Even though I wasn't sure that it was him who did all those terrible things, I just couldn't enjoy Louis' comedy anymore. At the time, he was ignoring the rumours and hadn't admitted to anything yet, but based on the description of the women's harassers, I was convinced that it was Louis, and I just couldn't stomach it.
I stopped watching his comedy. I totally ignored his last Netflix special. And a couple of years later, his accusers finally came forward, and he finally owned up to forcing two women to watch him jerking off. Ugh.
Some questionable behaviours are obviously intolerable and unforgivable (e.g. Bill Cosby drugging and raping women), while other problematic celebrities are more in the grey areas (e.g. Guardians of the Galaxy director James Gunn's questionable jokes from way back in 2007).
It's up to you to decide how much problematic behaviour you can tolerate, if at all. But stick to your guns. If you find something inexcusable, don't make excuses even for your most beloved problematic celebrities. Your standards and integrity are more important than any fandom.
3. Don't be so quick to cancel problematic celebrities.
When news broke out that the rumours about Louis CK were true, I was saddened, but also relieved. Why? Because I listened to my gut.
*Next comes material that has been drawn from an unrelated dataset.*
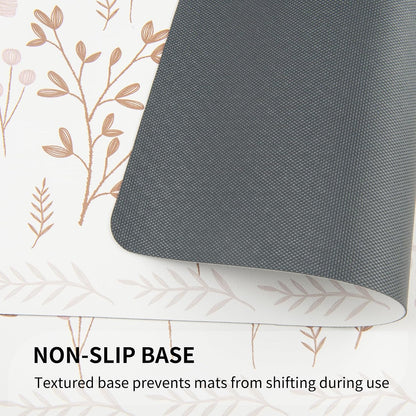 QIYI Placemats Set of 6, 12x18 Inch Faux Leather Place Mats for Kitchen Dinning, Heat Resistant Anti Slip Floral Table Mats, Waterproof Wipeable Washable Placemat Party Beige Table Décor, Pink Flowers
I chose not to support him — not even watch his last Netflix special — even when all the internet had were suspicions. I had cancelled him, and that was that.
But here's the thing: while there are things that I can't forgive, I do believe that there is room for forgiveness and personal growth, even in today's call-out culture.
Why? None of us are perfect; we're all problematic. Those of you who believe you were brought into this world woke AF are seriously deluding yourselves. I still cringe over some things I've said back in my teens, and believe that in a few years, I'll cringe over the things I said in my 20s.
Does this mean that I'll be watching Louis' specials anytime soon, now that he's back in business and everything? Hell no. I still think Louis CK's behaviour was unforgivable and that he should be cancelled forever and ever.
But I'm still rooting for people who've demonstrated that they've changed and grown since their misstep (e.g. James Gunn), and I'm still going to abuse the replay button when Taytay's next single drops. (Does this make me a horrible person and a fake feminist? I'm sure some people think so, but may he without sin cast the first stone, etc.)
Our standards for celebrity behaviour have become insanely high. One scandal, one poorly phrased tweet, and one drunken night is sometimes all it takes to "cancel" a celebrity.
But even though these celebrities are in the public eye and have more power, and thus more responsibility, they also deserve our compassion. We should stop expecting perfection from imperfect beings. If we keep cancelling people for not being the Model Citizen at all times, then who will we have left?